◆ **INSTRUCTIONS FOR THE TASK**:
One line at a time, check the entries below for the word "Unconjugated", and copy each line that has it.

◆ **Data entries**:
-- -- --
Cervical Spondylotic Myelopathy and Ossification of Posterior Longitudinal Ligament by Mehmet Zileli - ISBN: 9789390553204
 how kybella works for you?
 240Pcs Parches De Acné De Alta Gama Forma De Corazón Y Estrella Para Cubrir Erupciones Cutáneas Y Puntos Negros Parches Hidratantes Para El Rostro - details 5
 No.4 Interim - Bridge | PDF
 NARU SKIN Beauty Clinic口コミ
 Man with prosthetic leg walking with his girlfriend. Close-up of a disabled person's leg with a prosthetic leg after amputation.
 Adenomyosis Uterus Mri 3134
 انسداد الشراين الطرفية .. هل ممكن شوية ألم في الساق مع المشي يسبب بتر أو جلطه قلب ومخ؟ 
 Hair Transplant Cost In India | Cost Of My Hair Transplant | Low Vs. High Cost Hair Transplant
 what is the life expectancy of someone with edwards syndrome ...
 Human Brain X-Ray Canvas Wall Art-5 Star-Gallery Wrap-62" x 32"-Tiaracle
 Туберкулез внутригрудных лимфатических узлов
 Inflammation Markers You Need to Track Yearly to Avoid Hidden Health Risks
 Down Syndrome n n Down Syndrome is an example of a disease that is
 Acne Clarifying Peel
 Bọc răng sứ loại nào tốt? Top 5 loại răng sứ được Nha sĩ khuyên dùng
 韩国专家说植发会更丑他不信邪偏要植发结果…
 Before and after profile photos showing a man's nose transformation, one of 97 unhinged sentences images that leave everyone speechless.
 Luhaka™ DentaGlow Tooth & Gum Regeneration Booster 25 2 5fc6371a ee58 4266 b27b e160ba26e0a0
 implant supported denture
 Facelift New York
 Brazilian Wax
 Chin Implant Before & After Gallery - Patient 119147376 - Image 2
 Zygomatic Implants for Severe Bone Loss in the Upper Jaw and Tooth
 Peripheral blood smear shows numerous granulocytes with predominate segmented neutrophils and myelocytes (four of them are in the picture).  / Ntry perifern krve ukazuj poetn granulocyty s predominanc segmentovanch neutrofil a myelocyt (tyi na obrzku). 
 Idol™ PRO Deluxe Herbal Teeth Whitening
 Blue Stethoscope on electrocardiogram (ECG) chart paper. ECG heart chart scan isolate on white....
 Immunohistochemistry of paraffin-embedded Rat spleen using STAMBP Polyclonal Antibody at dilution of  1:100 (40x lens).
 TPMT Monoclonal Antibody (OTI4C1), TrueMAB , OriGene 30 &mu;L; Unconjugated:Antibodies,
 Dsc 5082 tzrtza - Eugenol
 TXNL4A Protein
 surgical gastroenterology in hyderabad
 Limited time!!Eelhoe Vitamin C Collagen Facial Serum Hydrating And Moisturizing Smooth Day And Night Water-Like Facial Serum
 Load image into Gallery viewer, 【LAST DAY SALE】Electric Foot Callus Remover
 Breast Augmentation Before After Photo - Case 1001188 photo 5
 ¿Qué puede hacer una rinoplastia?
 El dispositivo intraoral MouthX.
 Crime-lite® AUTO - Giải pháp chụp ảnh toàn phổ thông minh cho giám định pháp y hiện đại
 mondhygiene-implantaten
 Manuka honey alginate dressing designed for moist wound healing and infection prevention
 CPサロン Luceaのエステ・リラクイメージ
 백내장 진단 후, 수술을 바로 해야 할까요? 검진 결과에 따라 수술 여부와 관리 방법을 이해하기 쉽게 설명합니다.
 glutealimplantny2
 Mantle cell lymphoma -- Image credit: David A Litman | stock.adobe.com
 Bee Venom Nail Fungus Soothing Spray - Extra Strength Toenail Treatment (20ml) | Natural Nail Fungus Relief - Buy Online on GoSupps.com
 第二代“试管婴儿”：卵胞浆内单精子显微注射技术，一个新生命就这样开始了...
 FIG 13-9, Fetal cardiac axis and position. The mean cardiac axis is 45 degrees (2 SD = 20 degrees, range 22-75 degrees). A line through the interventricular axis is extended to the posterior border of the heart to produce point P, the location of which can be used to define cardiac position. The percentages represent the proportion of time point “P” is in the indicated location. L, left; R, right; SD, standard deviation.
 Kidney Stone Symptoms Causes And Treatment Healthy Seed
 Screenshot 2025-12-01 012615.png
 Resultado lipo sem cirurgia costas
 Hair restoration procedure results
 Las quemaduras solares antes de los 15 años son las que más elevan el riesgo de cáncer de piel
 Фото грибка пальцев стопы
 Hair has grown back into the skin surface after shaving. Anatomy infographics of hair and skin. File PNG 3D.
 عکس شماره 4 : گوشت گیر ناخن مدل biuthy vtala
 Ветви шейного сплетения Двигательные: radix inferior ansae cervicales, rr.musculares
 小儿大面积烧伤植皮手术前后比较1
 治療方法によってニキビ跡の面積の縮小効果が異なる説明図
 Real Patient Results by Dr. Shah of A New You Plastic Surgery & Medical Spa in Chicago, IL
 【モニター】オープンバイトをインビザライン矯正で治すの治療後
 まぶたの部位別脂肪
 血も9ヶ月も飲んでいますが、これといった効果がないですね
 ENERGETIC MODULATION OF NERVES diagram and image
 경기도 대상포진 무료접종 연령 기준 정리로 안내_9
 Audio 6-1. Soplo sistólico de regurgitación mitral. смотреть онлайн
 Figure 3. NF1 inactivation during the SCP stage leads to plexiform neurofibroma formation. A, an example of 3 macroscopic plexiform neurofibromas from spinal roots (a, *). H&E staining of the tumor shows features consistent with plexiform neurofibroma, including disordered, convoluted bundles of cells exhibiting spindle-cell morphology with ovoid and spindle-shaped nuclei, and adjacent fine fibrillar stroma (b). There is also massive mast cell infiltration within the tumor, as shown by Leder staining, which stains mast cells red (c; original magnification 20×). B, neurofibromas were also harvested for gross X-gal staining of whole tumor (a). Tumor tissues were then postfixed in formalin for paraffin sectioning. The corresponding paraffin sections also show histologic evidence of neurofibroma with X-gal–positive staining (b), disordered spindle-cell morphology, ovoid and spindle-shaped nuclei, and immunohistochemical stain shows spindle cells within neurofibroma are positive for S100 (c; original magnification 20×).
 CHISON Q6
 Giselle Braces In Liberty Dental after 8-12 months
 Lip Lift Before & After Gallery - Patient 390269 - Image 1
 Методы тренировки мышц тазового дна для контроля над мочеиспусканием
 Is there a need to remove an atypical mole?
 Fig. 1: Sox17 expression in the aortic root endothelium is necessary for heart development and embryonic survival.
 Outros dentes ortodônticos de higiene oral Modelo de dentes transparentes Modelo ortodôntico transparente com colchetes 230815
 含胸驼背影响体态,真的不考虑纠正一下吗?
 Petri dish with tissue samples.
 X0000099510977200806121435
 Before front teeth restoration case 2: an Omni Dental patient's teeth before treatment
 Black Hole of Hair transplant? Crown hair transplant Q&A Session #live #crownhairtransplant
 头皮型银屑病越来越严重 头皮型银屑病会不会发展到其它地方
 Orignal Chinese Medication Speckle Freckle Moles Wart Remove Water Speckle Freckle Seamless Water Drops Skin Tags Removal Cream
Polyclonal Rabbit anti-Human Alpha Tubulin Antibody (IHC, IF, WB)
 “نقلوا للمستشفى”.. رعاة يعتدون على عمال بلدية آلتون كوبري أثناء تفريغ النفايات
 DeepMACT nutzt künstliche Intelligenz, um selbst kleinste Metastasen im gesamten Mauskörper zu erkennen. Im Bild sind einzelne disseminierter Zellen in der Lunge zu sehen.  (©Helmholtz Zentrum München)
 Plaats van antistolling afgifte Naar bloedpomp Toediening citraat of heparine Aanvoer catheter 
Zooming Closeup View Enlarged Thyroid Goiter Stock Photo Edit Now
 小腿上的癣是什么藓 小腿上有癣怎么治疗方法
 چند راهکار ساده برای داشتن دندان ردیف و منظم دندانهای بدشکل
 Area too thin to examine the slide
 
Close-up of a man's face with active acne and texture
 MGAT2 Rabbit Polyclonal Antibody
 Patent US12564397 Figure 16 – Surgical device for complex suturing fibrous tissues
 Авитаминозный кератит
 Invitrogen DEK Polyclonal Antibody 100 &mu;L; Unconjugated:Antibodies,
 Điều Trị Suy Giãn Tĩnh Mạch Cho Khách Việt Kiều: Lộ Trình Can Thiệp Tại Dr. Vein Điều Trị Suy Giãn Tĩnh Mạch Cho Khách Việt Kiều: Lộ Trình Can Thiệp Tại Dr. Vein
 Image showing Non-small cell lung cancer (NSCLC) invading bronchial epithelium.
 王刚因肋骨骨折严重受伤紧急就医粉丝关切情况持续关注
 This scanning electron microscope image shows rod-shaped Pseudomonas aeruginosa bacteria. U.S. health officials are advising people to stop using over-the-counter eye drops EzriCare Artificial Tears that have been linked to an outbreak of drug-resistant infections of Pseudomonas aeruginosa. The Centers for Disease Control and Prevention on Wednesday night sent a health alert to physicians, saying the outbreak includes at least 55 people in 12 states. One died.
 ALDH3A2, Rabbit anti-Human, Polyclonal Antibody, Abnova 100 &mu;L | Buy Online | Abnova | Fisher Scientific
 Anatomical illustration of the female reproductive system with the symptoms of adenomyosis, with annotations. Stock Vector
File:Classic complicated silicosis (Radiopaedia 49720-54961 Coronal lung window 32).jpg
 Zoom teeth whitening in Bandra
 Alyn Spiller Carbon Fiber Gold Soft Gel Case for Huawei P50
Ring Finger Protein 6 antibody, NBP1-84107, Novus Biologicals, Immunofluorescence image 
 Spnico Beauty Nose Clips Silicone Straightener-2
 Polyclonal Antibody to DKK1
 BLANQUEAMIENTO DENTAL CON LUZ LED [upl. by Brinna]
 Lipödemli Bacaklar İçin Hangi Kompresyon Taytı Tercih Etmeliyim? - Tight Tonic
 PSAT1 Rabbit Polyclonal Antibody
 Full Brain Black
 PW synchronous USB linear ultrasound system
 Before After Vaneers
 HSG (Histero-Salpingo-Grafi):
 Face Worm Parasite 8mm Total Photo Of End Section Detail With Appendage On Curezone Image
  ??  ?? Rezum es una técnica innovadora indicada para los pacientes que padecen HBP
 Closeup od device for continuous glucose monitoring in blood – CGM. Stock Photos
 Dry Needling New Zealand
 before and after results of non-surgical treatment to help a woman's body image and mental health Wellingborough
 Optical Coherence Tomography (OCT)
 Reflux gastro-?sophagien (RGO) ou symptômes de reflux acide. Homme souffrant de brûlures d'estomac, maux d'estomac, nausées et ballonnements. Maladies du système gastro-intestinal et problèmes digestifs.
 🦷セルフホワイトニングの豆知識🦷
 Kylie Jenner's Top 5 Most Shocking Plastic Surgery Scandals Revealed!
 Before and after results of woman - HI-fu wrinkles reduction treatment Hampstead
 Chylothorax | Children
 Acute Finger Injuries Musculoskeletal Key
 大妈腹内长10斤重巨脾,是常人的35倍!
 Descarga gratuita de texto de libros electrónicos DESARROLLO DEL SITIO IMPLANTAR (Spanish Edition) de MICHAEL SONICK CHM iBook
-- -- --
◆ **EXERCISE SOLUTION**:
 TPMT Monoclonal Antibody (OTI4C1), TrueMAB , OriGene 30 &mu;L; Unconjugated:Antibodies,
 Invitrogen DEK Polyclonal Antibody 100 &mu;L; Unconjugated:Antibodies,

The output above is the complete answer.